Artificial Intelligence - foundations of computational agents -- 12.5 Function Symbols

Third edition of Artificial Intelligence: foundations of computational agents, Cambridge University Press, 2023 is now available (including the full text).

12.5 Function Symbols

Datalog requires a name, using a constant, for every individual about which the system reasons. Often it is simpler to identify an individual in terms of its components, rather than requiring a separate constant for each individual.

Example 12.23: In many domains, you want to be able to refer to a time as an individual. You may want to say that some course is held at 11:30 a.m. You do not want a separate constant for each possible time. It is better to define times in terms of, say, the number of hours past midnight and the number of minutes past the hour. Similarly, you may want to reason with facts that mention particular dates. You do not want to give a constant for each date. It is easier to define a date in terms of the year, the month, and the day.

Using a constant to name each individual means that the knowledge base can only represent a finite number of individuals, and the number of individuals is fixed when the knowledge base is designed. However, many cases exist in which you want to reason about a potentially infinite set of individuals.

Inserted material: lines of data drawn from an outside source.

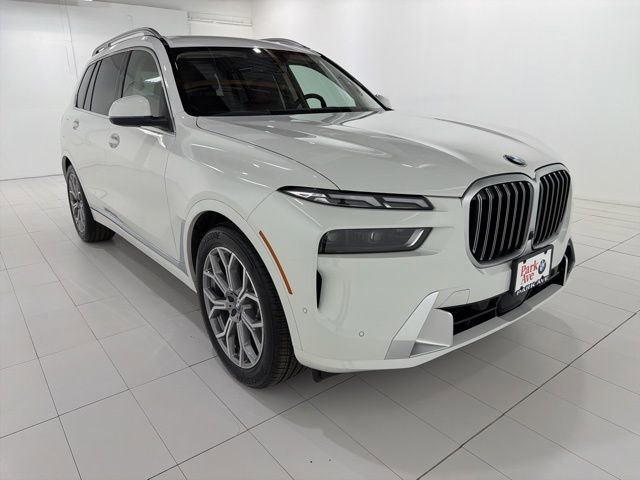 Used 2026 BMW X7 xDrive40i w/ Premium Package image 7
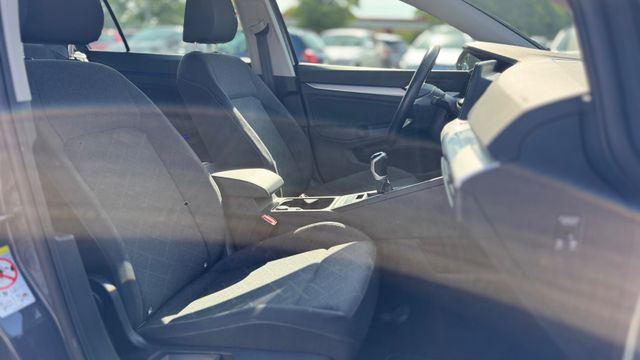 Volkswagen Golf 1.5 TSI OPF 96kW Life Variant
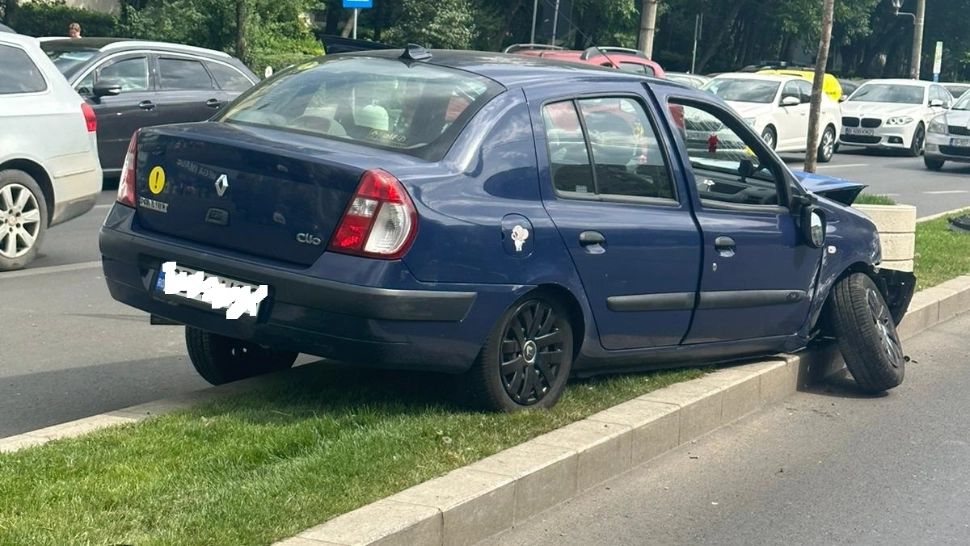 Val de incidente rutiere în weekend, în Sectorul 4. Traficul, repus în funcțiune cu intervenția Poliției Locale și a lucrătorilor "Totul Verde" - FOTO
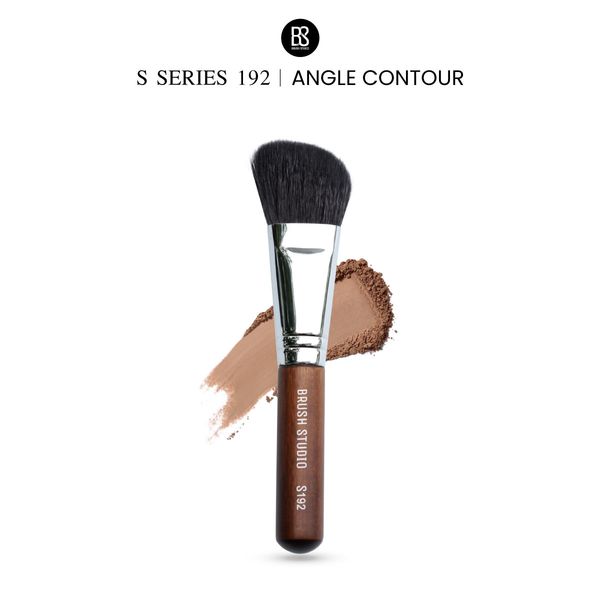 S192 Angle Contouring Brush
แปรงคอนทัวร์ขนาดใหญ่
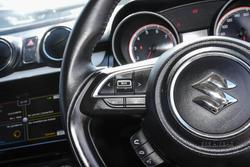 2019 Suzuki Swift GL Navigator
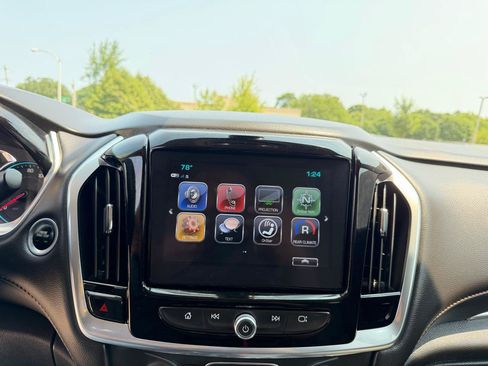 Used 2019 Chevrolet Traverse LT w/ LPO, Floor Liner Package AWD/4WD image 13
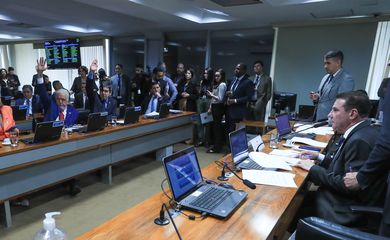 Brasília (DF) 23/08/2023 Senadores durante votação na Comissão de Assuntos Econômicos (CAE) do  projeto de lei (PL 2.384/2023) que muda o procedimento do Conselho Administrativo de Recursos Fiscais (Carf).  Foto Lula Marques/ Agência Brasil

Example 12.24: Suppose you want to build a system that takes questions in English and that answers them by consulting an online database. In this case, each sentence is considered an individual. You do not want to have to give each sentence its own name, because there are too many English sentences to name them all. It may be better to name the words and then to specify a sentence in terms of the sequence of words in the sentence. This approach may be more practical because there are far fewer words to name than sentences, and each word has it own natural name. You may also want to specify the words in terms of the letters in the word or in terms of their constituent parts.

Example 12.25: You may want to reason about lists of students. For example, you may be required to derive the average mark of a class of students. A class list of students is an individual that has properties, such as its length and its seventh element. Although it may be possible to name each list, it is very inconvenient to do so. It is much better to have a way to describe lists in terms of their elements.

Function symbols allow you to describe individuals indirectly. Rather than using a constant to describe an individual, an individual is described in terms of other individuals.

Syntactically a function symbol is a word starting with a lower-case letter. We extend the definition of a term so that a term is either a variable, a constant, or of the form f(t₁,...,t_n), where f is a function symbol and each t_i is a term. Apart from extending the definition of terms, the language stays the same.

Terms only appear within predicate symbols. You do not write clauses that imply terms. You may, however, write clauses that include atoms that use function symbols as ways to describe individuals.

The semantics must be changed to reflect the new syntax. The only thing we change is the definition of φ. We extend φ so that φ is a mapping that assigns to each constant an element of D and to each n-ary function symbol a function from Dⁿ into D. Thus, φ specifies the mapping denoted by each function symbol. In particular, φ specifies which individual is denoted by each ground term.

A knowledge base consisting of clauses with function symbols can compute any computable function. Thus, a knowledge base can be interpreted as a program, called a logic program.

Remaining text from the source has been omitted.